Jacob Zuma likely to stick to his guns in denying state capture, say experts
Johannesburg - Political experts anticipate that former president Jacob Zuma will exercise restraint when he takes the stand for the second time at the Zondo Commission of Inquiry into State Capture next week.
According to political analyst Ralph Mathekga, Zuma has been suffering extensively in his court challenges, such as with the defamation case brought against him by former tourism minister and ANC national executive committee member Derek Hanekom, who Zuma called an enemy agent in a tweet.
“I’m expecting to see him quite subdued, but relentless in the same attitude of not believing that there was state capture,” Mathekga said.
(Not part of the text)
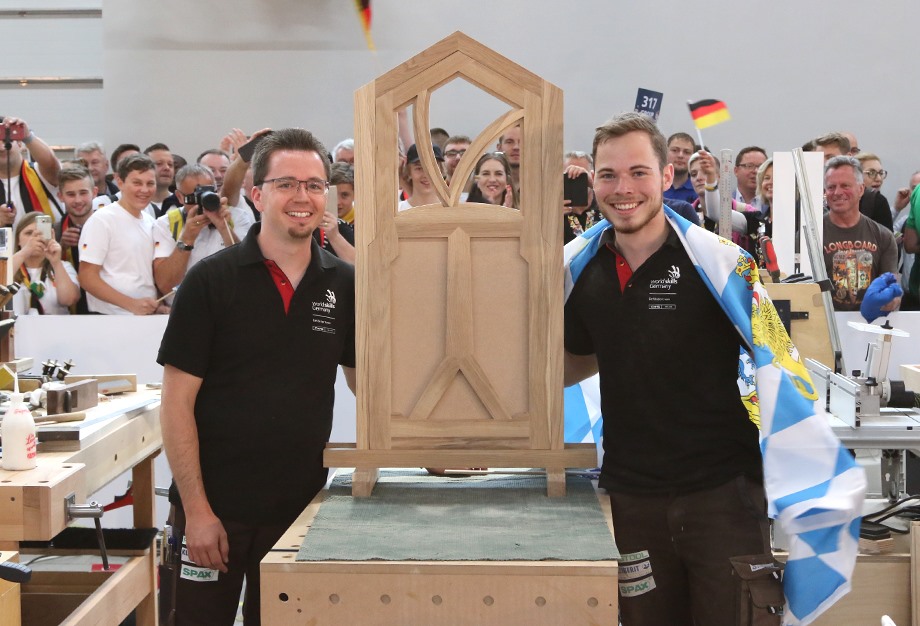 Glückliche Gesichter: Trainer Michael Martin (links) und Florian Meigel nach der Schluss-Sirene. Bild: Marcel Pfost/Festool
He said that the way in which Zuma engaged the commission in answering questions showed he had no intention of lending it credibility.
Zuma’s upcoming appearance at the commission comes barely a week after he appeared before the Pietermaritzburg High Court on corruption charges.
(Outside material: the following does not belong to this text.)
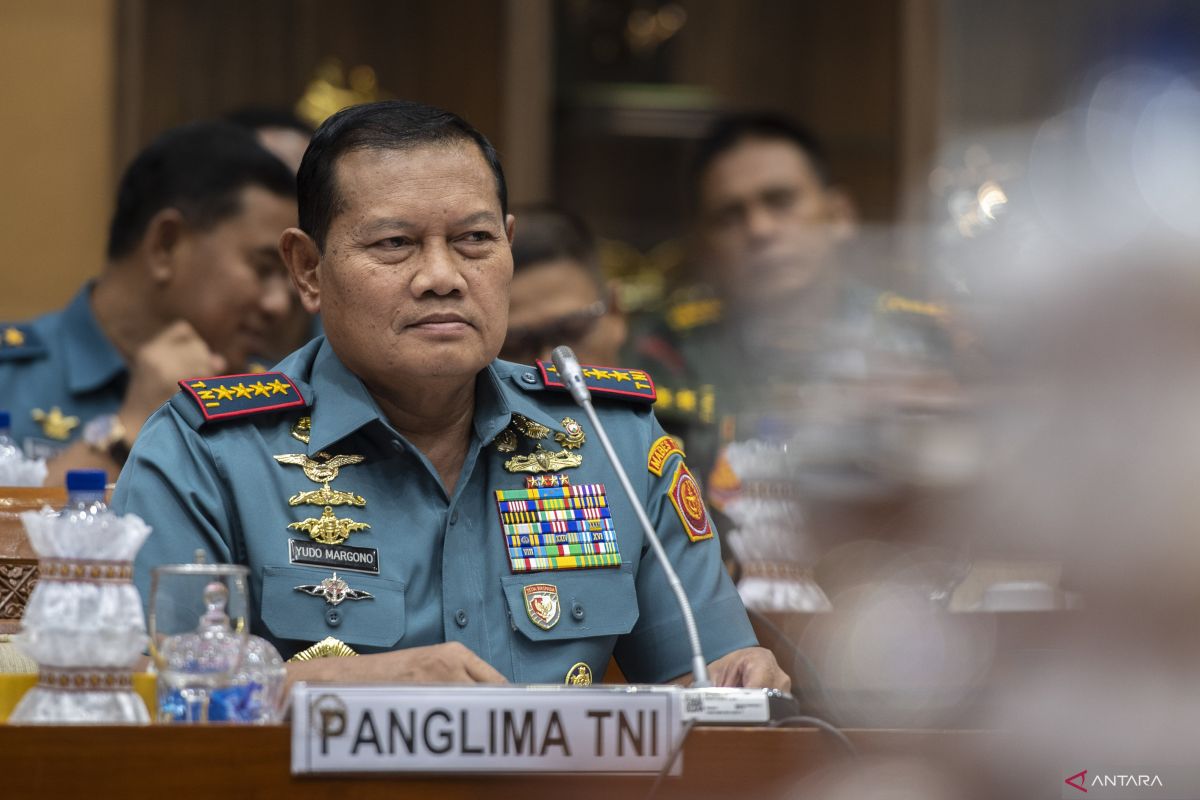Panglima TNI rotasi 105 perwira tinggi, termasuk pejabat BIN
During his July appearance before the commission, Zuma said that some of his own ANC comrades had plotted to remove him from the political scene. He also denied state capture allegations levelled against him by several government officials including former deputy finance minister Mcebisi Jonas.
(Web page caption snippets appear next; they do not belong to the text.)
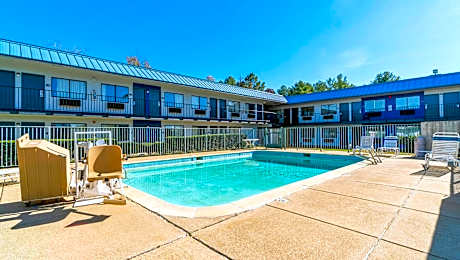 Xpress Inn & Extended Stays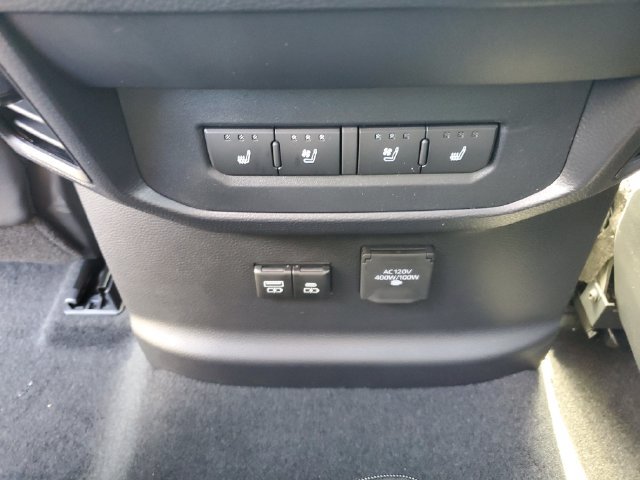 New 2026 Toyota Tundra Platinum AWD/4WD image 12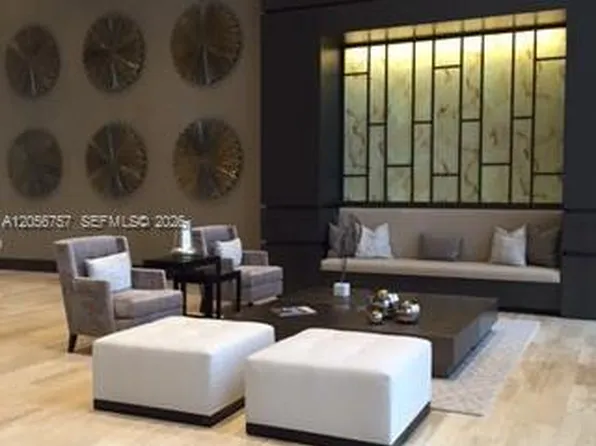 5252 NW 85th Ave APT 801, Doral, FL 33166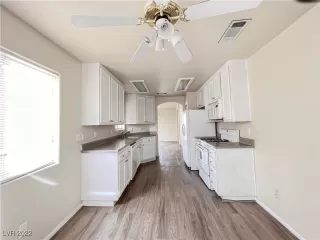 Photo #5: 2402825 Listing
Zuma’s prominent supporters, the Radical Economic Transformation Champions (RET), have expressed little faith in the credibility and intentions of the commission.
Nkosentsha Shezi, RET Champions chairperson, said that state capture was being driven by white monopoly capital companies who dominated government business with state-owned companies and that the focus of the commission should be on them.
Shezi said that they expected Zuma to continue sharing information about his comrades who “undermine our revolution”. He said there had not been much evidence that Zuma had acted in a corrupt manner.
“We know that the state is captured, was captured and has never been independent,” he said. “In any society, the state is a system of the ruling of one class by another class in a democratic dispensation; unfortunately, in the South African situation that ruling class is white,” said Shezi.